Enlarger: How Does a Pantograph (a Machine Used To Change the Size of Drawings) Work?

Author: Janice VanCleave


How does a pantograph (a machine used to change the size of drawings) work?


  • scissors
  • ruler
  • cardboard box at least 2 feet (60 cm) wide and 2 feet (60 cm) high
  • adult helper
  • nail (10-penny)
  • 5 paper brads (round paper fasteners)
  • 2 marking pens
  • thumbtacks
  • large sheets of unlined paper (butcher paper)


  1. Cut the following pieces from the cardboard box:
  2. Enlarger

    • two strips, labeled #1 and #2, each measuring 2 inches × 18 inches (5 cm × 45 cm).
    • two smaller strips, labeled #3 and #4, each measuring 2 inches × 10 inches (5 cm × 25 cm).
    • one 2-foot × 2-foot (60-cm × 60-cm) square.
  3. Position the four strips on the cardboard square, as indicated in the diagram.
  4. Ask an adult to use the nail to make holes in each piece of cardboard at positions A through F, as shown on the diagram. NOTE: C is the only one made through the cardboard square.
  5. Use paper brads to secure the paper strips together at positions D, E, and F.
  6. Use a paper brad to secure the paper strips to the cardboard square at position C.
  7. Place marking pens through holes A and B.
  8. Use thumbtacks to secure a piece of paper to the cardboard square under the pens.
  9. Hold pen B and draw a square.
  10. Compare the size of the square drawn by both pens.


The square drawn by pen A is larger than that drawn by pen B.



A pantograph, which is used to change the size of drawings, is a compound machine made up of levers. The length of a lever and the position of its fulcrum change the distance that the end of the lever moves; the end farther from the fulcrum moves a greater distance.
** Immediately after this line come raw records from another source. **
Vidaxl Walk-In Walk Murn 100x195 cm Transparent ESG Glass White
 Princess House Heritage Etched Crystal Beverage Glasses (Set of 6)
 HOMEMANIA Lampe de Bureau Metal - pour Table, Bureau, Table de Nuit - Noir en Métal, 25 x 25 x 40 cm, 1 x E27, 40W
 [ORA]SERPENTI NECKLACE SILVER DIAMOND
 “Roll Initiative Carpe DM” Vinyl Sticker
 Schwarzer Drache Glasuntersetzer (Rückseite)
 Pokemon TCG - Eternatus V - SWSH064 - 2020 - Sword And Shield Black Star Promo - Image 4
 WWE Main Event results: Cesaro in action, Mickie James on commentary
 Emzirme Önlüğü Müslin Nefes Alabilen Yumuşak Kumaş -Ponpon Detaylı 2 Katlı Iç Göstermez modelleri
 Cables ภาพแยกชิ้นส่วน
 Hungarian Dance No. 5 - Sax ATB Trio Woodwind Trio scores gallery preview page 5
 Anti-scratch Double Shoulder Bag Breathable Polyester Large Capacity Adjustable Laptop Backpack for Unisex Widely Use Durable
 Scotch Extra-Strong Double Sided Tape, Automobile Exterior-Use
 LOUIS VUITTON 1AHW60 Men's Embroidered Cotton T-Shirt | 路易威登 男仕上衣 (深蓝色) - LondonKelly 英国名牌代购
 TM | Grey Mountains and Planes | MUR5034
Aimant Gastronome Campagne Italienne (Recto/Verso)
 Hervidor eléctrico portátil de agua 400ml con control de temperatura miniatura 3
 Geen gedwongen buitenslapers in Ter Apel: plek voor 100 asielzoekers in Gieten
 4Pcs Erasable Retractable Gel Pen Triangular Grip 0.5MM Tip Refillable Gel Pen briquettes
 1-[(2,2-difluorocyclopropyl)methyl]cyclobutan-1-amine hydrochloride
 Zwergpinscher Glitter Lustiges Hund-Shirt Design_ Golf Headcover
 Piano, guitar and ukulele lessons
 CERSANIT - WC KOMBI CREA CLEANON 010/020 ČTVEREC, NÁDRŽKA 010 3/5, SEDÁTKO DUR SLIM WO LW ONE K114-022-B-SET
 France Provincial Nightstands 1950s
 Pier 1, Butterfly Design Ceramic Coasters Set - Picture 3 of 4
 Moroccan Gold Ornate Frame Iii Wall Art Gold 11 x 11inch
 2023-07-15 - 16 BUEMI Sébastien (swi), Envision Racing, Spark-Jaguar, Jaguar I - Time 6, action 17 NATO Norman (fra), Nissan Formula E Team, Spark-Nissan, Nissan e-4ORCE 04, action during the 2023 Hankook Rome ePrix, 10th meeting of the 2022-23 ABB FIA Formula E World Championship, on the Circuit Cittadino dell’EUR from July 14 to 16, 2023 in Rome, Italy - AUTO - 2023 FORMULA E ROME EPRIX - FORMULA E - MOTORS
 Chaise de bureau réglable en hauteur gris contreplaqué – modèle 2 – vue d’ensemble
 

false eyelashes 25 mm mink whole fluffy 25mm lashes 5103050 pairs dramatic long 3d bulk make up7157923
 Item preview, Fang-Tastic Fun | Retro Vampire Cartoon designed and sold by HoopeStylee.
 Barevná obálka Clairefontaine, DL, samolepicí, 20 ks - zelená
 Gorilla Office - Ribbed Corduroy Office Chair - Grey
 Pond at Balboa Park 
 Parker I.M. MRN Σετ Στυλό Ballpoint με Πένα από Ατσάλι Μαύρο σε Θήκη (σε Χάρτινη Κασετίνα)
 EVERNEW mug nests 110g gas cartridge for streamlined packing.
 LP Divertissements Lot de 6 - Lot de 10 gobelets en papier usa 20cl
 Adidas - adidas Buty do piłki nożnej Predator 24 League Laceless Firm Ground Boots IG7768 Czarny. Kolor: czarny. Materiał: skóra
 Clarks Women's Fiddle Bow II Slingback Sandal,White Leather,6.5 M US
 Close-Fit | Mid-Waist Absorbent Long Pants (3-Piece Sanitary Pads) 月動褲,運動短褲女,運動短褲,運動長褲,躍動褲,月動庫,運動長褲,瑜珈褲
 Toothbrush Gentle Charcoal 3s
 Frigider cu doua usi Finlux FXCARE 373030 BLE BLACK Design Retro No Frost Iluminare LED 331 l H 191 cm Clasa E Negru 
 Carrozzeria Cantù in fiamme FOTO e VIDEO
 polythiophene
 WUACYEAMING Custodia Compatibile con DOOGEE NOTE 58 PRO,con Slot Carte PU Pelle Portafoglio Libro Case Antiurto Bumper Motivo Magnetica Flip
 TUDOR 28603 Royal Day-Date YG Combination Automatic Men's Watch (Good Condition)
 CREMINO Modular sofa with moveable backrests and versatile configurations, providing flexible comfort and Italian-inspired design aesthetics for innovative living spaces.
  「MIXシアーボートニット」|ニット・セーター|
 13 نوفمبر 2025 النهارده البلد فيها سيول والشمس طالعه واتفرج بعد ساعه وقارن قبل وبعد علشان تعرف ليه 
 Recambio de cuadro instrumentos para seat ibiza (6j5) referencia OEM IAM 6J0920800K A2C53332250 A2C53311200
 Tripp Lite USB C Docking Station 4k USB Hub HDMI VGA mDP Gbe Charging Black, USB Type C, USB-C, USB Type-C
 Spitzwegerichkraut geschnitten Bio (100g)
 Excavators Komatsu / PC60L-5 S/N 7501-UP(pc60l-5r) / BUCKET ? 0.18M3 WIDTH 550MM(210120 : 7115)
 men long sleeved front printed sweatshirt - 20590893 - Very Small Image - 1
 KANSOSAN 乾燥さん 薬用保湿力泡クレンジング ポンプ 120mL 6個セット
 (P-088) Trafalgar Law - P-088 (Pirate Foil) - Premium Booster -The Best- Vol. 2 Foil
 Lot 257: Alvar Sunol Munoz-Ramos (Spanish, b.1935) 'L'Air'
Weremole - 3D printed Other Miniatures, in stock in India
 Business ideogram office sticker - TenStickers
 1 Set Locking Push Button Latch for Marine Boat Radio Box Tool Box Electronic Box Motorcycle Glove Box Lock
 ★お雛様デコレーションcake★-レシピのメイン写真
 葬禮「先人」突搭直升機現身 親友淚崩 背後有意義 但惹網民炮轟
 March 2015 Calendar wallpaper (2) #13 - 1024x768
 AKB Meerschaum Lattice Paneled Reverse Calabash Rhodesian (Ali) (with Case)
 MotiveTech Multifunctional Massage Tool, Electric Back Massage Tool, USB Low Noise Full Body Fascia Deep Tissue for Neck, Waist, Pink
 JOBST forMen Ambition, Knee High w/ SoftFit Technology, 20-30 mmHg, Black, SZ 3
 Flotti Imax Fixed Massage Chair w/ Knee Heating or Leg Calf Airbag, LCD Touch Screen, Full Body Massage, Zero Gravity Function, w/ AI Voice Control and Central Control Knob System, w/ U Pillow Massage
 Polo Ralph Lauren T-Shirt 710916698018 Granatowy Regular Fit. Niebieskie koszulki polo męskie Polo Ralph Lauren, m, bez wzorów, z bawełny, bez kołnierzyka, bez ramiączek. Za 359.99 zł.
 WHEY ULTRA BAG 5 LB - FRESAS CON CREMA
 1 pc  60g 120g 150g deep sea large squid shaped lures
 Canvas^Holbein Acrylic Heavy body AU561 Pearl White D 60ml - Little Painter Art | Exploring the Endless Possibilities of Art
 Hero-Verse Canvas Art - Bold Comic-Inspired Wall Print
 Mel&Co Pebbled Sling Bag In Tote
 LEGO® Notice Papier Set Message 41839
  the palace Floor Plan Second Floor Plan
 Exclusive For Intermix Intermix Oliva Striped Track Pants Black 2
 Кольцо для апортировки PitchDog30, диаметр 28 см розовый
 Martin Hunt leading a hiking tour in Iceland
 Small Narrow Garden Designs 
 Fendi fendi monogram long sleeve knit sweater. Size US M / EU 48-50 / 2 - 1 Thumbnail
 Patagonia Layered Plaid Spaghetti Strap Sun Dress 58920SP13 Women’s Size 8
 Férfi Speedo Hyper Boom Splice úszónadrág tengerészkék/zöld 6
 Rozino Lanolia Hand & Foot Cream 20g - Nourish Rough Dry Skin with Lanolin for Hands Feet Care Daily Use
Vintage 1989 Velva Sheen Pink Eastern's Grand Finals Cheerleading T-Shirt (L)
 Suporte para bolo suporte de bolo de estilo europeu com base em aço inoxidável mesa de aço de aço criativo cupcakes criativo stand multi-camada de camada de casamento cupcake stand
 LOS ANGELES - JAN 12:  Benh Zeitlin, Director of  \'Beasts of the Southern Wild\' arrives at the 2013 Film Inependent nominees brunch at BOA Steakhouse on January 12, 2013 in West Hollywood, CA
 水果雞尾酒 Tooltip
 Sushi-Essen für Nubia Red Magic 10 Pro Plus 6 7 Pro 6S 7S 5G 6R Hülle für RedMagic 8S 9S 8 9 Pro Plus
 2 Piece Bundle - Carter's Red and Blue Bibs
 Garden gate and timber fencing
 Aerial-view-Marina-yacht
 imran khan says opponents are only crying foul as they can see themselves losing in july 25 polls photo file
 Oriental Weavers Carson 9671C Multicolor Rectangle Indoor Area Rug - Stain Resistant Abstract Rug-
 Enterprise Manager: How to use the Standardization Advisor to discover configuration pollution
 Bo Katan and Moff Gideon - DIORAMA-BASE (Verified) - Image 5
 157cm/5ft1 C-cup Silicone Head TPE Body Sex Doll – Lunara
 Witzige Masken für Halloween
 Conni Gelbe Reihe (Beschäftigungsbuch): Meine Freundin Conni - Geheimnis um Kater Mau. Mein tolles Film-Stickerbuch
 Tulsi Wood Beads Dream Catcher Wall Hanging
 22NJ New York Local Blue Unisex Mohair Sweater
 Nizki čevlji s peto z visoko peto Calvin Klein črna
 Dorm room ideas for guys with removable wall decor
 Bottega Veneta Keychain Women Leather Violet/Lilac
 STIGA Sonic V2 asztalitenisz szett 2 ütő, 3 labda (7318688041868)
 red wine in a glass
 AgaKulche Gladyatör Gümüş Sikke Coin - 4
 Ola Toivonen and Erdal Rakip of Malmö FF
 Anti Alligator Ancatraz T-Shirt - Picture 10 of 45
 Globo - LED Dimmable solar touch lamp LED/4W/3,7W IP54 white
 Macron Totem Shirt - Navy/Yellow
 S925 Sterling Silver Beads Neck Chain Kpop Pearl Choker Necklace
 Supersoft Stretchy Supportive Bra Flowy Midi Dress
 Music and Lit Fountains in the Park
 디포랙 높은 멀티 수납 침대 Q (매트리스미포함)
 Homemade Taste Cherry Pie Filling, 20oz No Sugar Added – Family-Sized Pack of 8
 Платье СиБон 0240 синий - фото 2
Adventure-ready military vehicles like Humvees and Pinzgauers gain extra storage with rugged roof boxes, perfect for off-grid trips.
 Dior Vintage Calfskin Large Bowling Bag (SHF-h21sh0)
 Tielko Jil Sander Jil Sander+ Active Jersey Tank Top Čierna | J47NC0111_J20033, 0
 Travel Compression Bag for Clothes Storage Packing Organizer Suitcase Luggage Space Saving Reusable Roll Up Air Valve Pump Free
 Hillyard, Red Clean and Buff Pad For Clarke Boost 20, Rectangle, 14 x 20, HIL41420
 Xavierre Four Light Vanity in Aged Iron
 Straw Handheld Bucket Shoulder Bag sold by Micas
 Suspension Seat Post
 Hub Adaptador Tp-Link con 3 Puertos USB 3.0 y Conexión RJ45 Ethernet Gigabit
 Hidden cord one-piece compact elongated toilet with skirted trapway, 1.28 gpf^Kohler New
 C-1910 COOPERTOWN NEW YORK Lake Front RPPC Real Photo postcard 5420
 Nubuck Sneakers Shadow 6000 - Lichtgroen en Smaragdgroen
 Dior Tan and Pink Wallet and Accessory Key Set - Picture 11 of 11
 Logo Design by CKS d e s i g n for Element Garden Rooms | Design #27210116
Strips #1 and #2 are levers with the fulcrum at points E and D. Pen A is farther from its fulcrum than is pen B; thus, pen A is moved a greater distance.

Let's Explore

  1. Can a reduced-scale drawing be made? Repeat the experiment using pen A to make the original drawing. Repeat the experiment again, this time placing pen A in a hole made between holes E and F. Science Fair Hint: As part of a display, show photographs of the pantographs used in each experiment, and display with the diagrams.
  2. Would changing the position of the connecting piece affect the results? Repeat the original experiment, moving connection F closer to connection E. Then repeat the experiment again, this time moving connection F farther from connection E.


Show Time!

  1. Create your own pantograph. The example diagram gives you an additional design to construct Place pens at different positions.
  2. A machine that makes circles can further demonstrate that the end farther from the fulcrum moves a great distance. Construct the drawing machine by cutting a 2-inch × 12-inch (5-cm × 30-cm) strip of cardboard. Use a marker to make a dot near one end of the strip. This will be the starting point With a ruler and a marking pen, mark and label dots every 2 inches (5 cm) from the starting point (see diagram). Ask an adult to use a nail to make holes through each dot. Place the cardboard strip in the center of a sheet of paper. Stand a pencil in the hole at the starting point, with the eraser touching the paper, and hold this pencil steady. To make a circle with a 10-inch (25- cm) diameter, place a second pencil in the hole labeled 10 inches (25 cm). Move this pencil around with its point pressed against the paper until a complete circle is drawn. Repeat, placing the pencil in different holes to increase the size of the circle.

Check It Out!

Christopher Scholes invented the first practical typewriter in 1867. This machine has a series of levers that change a small movement (pressing your fingertip on a key at one end of the lever) into a larger movement (the other end of the lever goes up and strikes the image of a raised letter onto a piece of paper). Find out more about the connection of the levers in this machine, and display simple diagrams of the connecting levers.